### EXERCISE AIM
An exact transcript of every entry is required, without any of the pictures.

Data items
=======

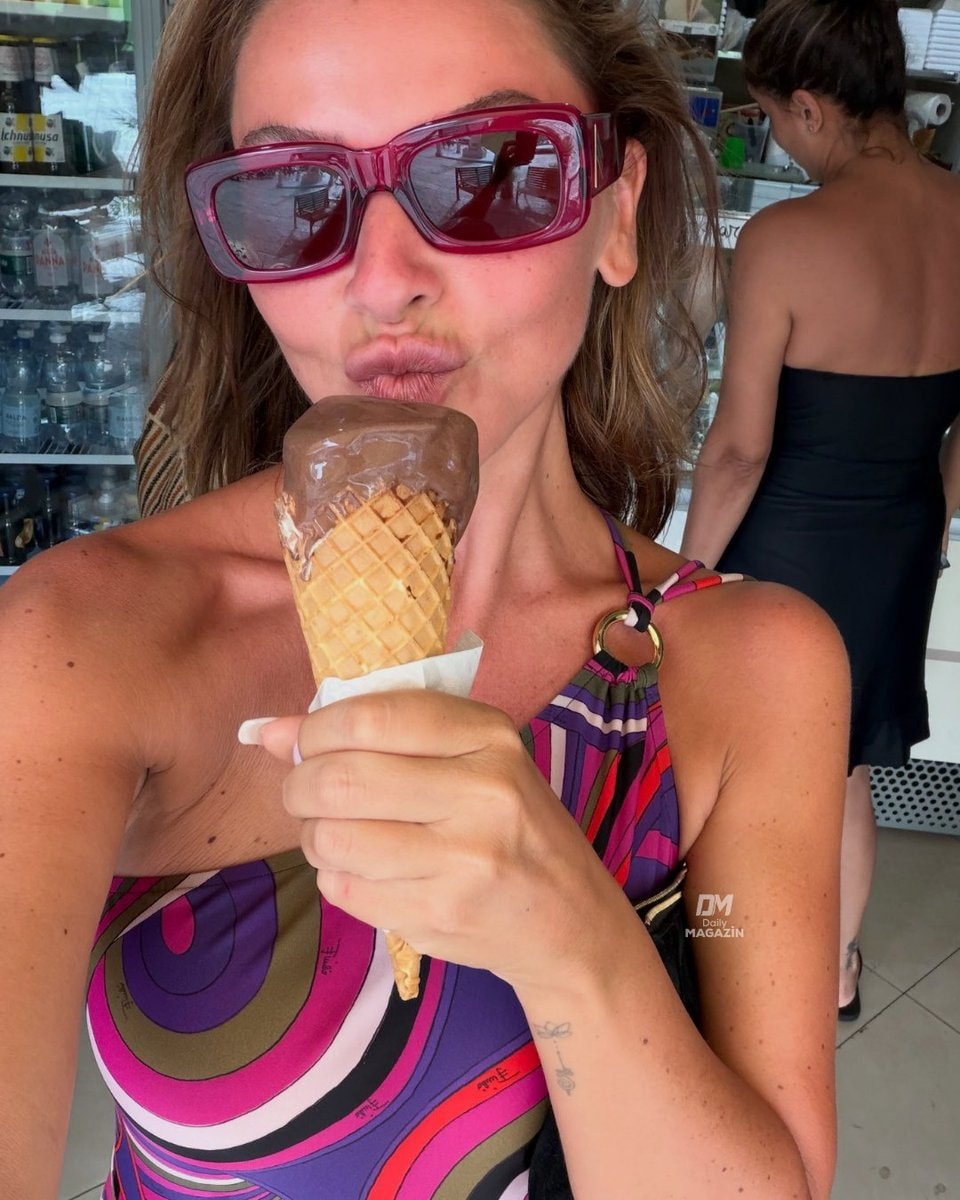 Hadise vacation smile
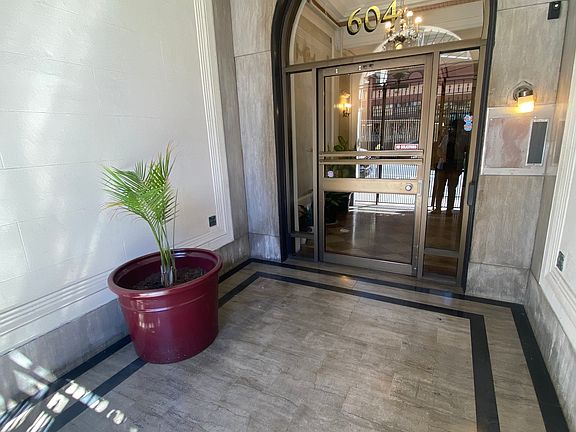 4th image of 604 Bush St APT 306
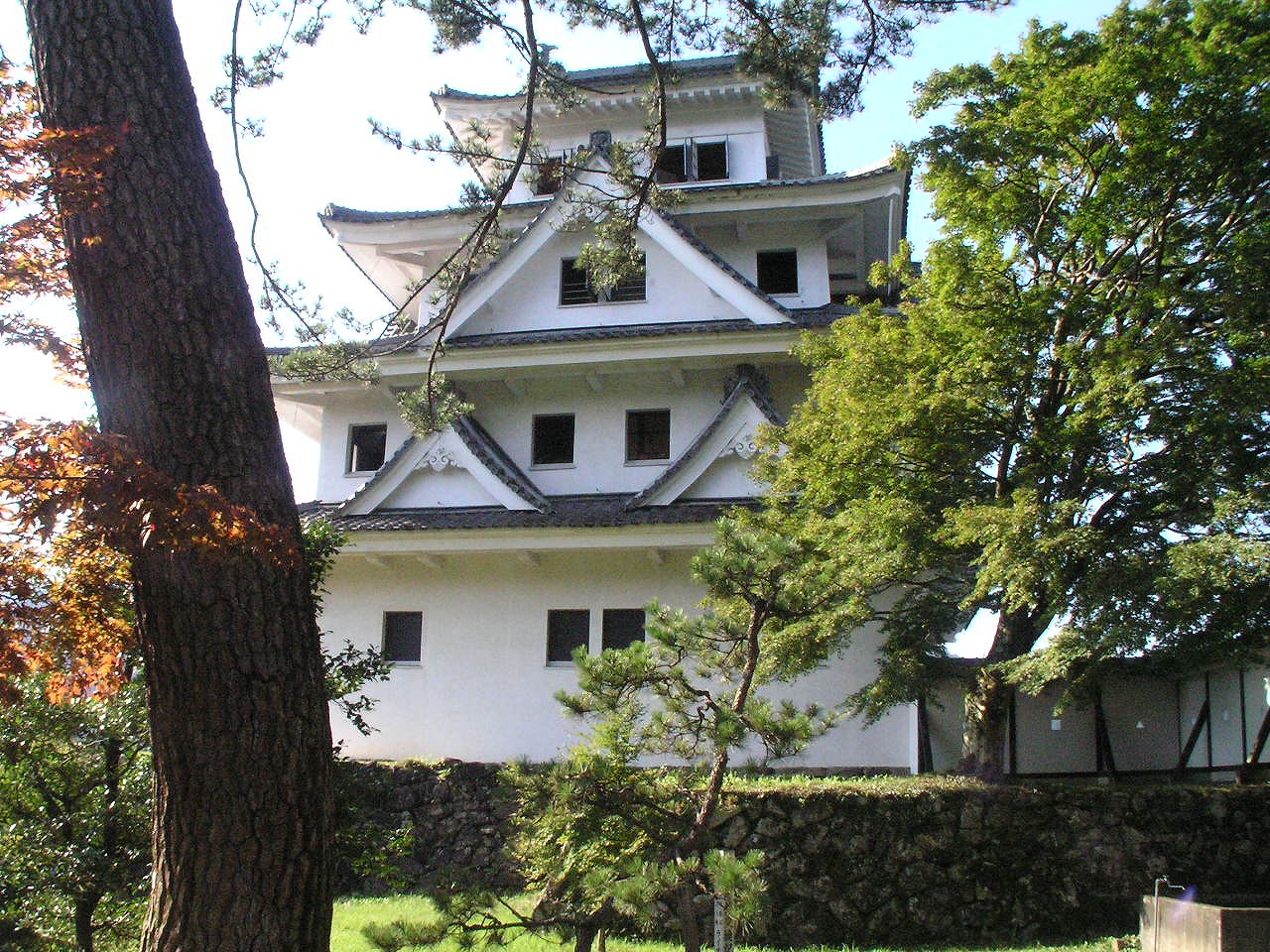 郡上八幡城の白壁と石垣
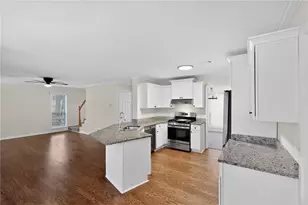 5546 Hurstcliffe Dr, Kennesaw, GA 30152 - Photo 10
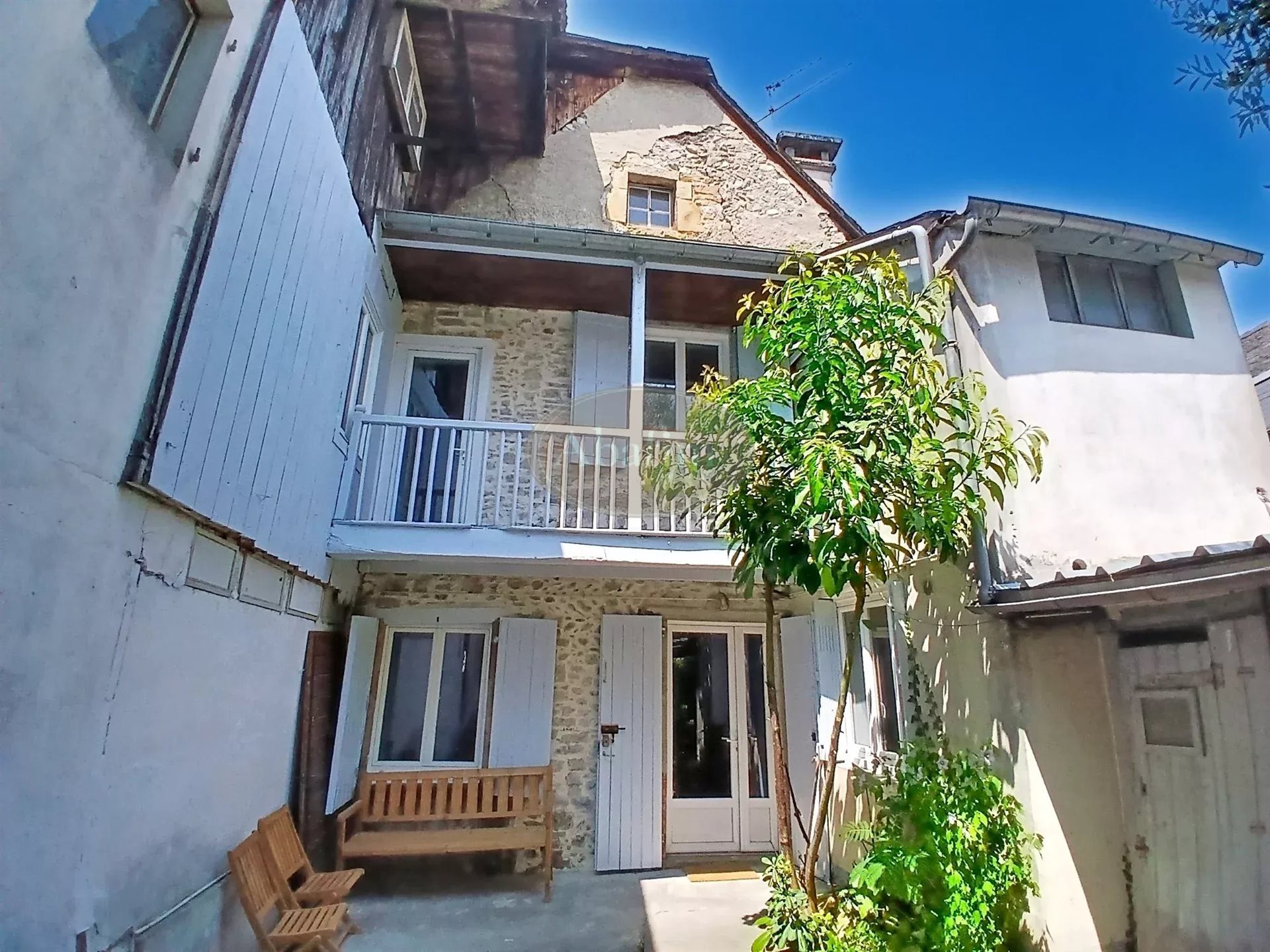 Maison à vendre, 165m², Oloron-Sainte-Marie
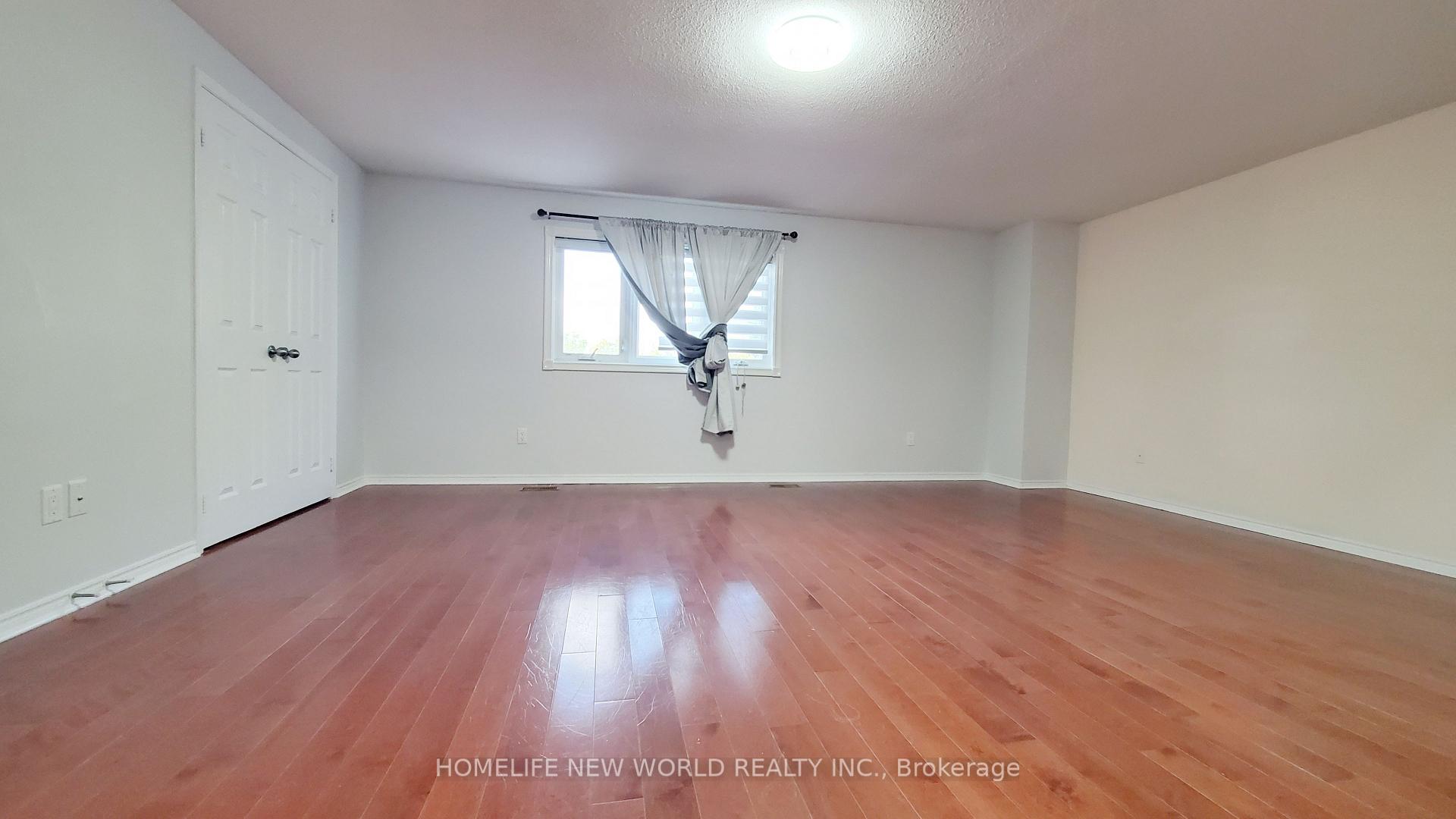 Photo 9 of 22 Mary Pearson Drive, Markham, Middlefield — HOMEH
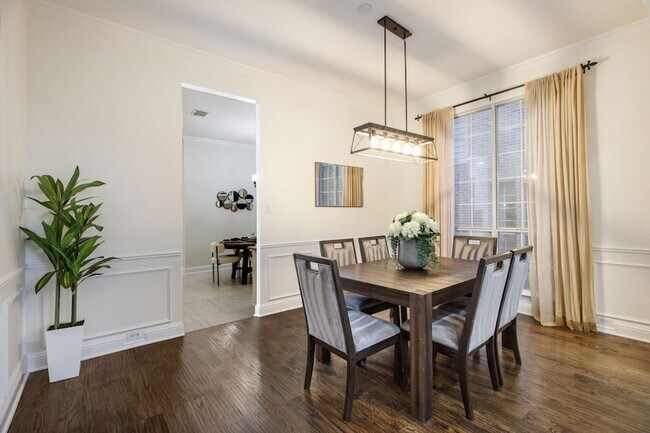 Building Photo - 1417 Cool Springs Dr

=======

### RESULT
 Hadise vacation smile
 4th image of 604 Bush St APT 306
 郡上八幡城の白壁と石垣
 5546 Hurstcliffe Dr, Kennesaw, GA 30152 - Photo 10
 Maison à vendre, 165m², Oloron-Sainte-Marie
 Photo 9 of 22 Mary Pearson Drive, Markham, Middlefield — HOMEH
 Building Photo - 1417 Cool Springs Dr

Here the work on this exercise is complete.